El evangelio nos habla hoy de una semilla que se siembra y un campo que la recibe. La semilla es la Palabra de Dios y la tierra soy yo.
Jesús es el sembrador que esparce la semilla. Sin límite de entusiasmo, vitalidad o generosidad, lanza semilla por todas partes, la tierra buena, la orilla del camino, los pedregales y zarzales. Su entusiasmo de sembrador es desbordante.
Y luego Jesús nos explica lo que pasa con la semilla. Usa distintos tipos de campo como ejemplo para que entendamos que hay una sola semilla, una sola Palabra, pero diversos modos de recibirla. Soy yo quien aprovecha o desperdicia la Palabra. A veces yo mismo puedo ser los cuatro campos, porque todo depende de mi actitud, de la forma como tomo esa Palabra.
La semilla, salida de las manos generosas de Jesús, no siempre corre la misma suerte.
Para recibir bien la Palabra de Dios se necesita generosidad de corazón.
De esa generosidad nacen las tres condiciones determinantes: comprenderla, recibirla con alegría, someter a ella mis preocupaciones y angustias.
Puedo recibir la Palabra con dureza y actitud de rechazo.

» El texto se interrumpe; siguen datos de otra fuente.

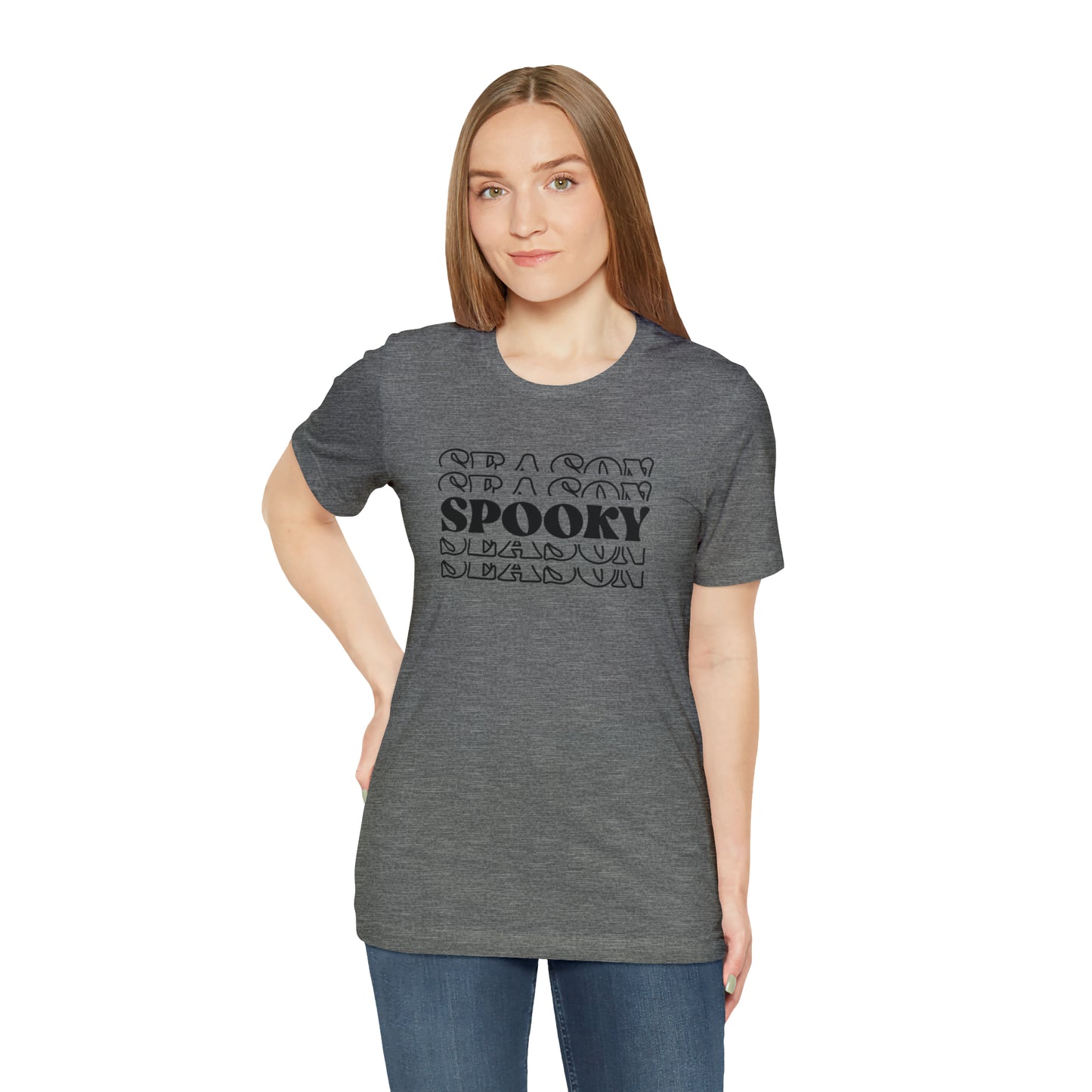 Spooky Season Unisex Jersey Short Sleeve Tee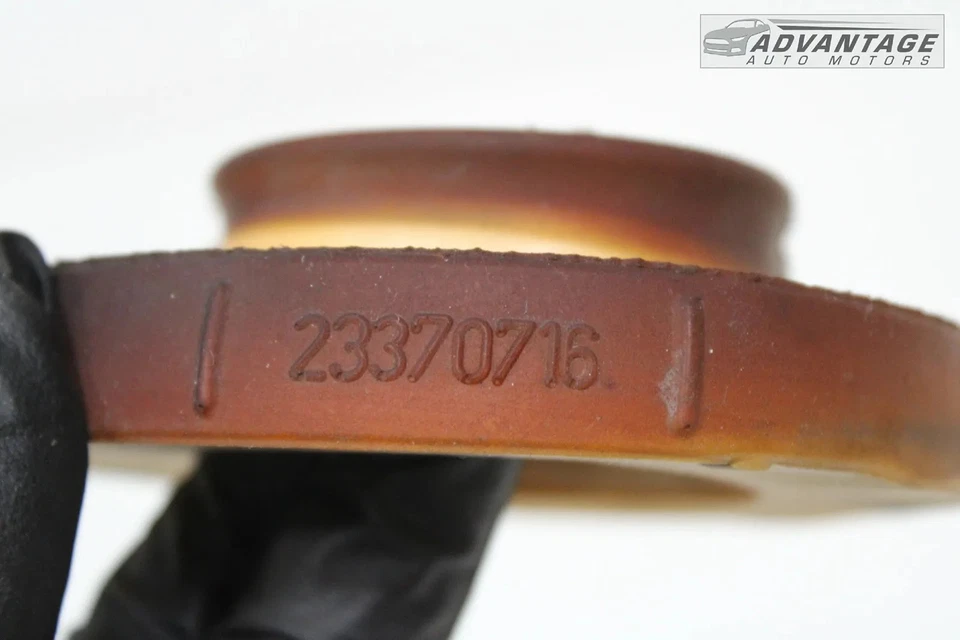 GMC ACADIA 2017-2023 tracción delantera trasera izquierda o derecha muelle helicoidal aislador almohadilla asiento OEM Foto 4 de 4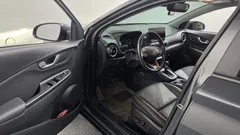 2023 Hyundai Kona Gasoline 1.6 Turbo 2WD, серый — фото 10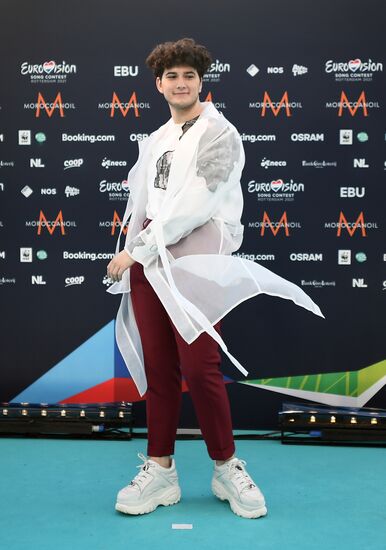 Netherlands Eurovision Opening Ceremony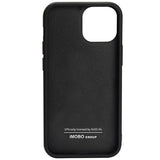 Audi Carbon Fiber iPhone 13 Pro Max 6.7" sort/sort hardcase AU-TPUPCIP13PM-R8/D2-BK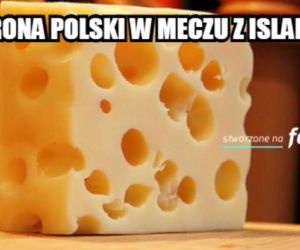 Memy po meczu Polska - Islandia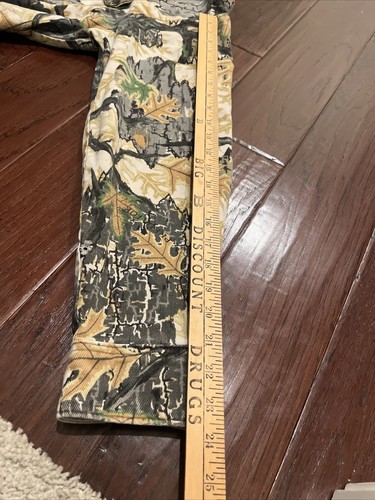 Vintage Predator Camo Jagd Button Down Hemd Langarm USA Herren L - Bild 14 von 14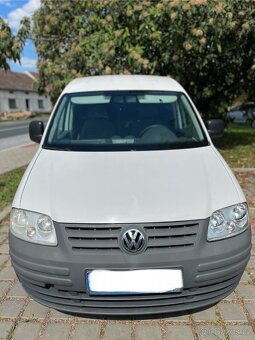 Volkswagen Caddy, 2.0Sdi , tažné - 2
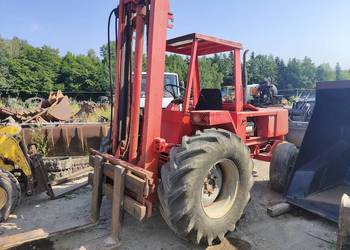 Wózek Widłowy terenowy Braud & Faucheux MANITOU MB 30 G
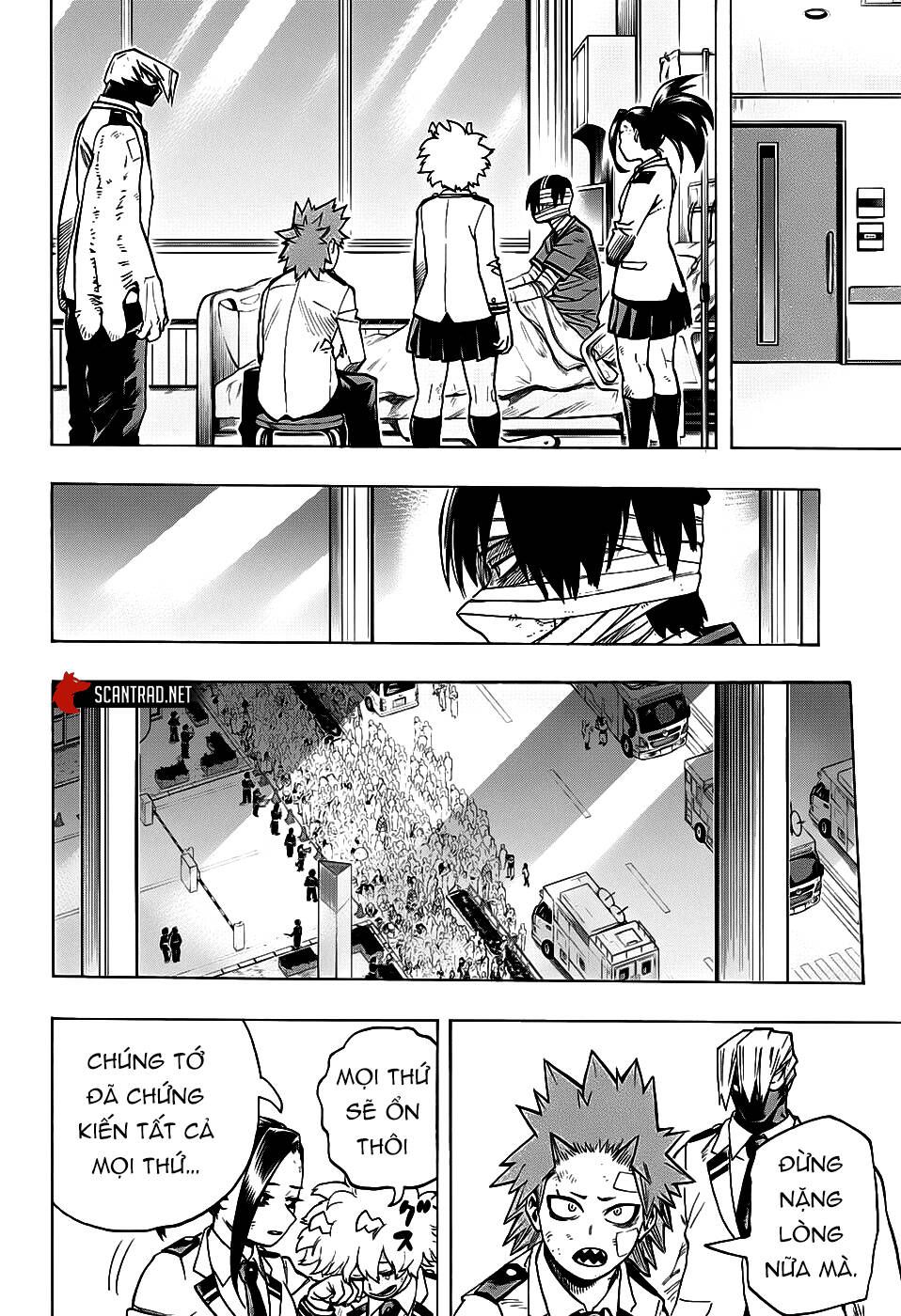 đọc truyện Học Viện Anh Hùng Chương 298 ảnh 12 tại Thiên Thai Truyện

Esto es ser el borde del camino. El Maligno me hunde en desesperación y desconfianza.
La Palabra se esfumará y yo quedaré sumido en mi nada.
Mis fatigas, preocupaciones, inconstancia y zozobra son las espinas y los pedregales.
La semilla no tiene mucha ocasión para brotar.
Y si lo hace, no podrá crecer. Pronto quedará asfixiada, la Palabra se ahogará en mi inconsistencia.
Y por fin está la tierra buena. Pero es curioso que Jesús asegura que ni siquiera la tierra buena es garantía total de éxito para la Palabra. Por sobre la calidad de la tierra, urge mi intervención personal.
Hoy aprendemos, pues, que la Palabra siempre es eficaz y fecunda, pero que depende de mi actitud ante ella. Siendo tierra buena, debo esforzarme al máximo.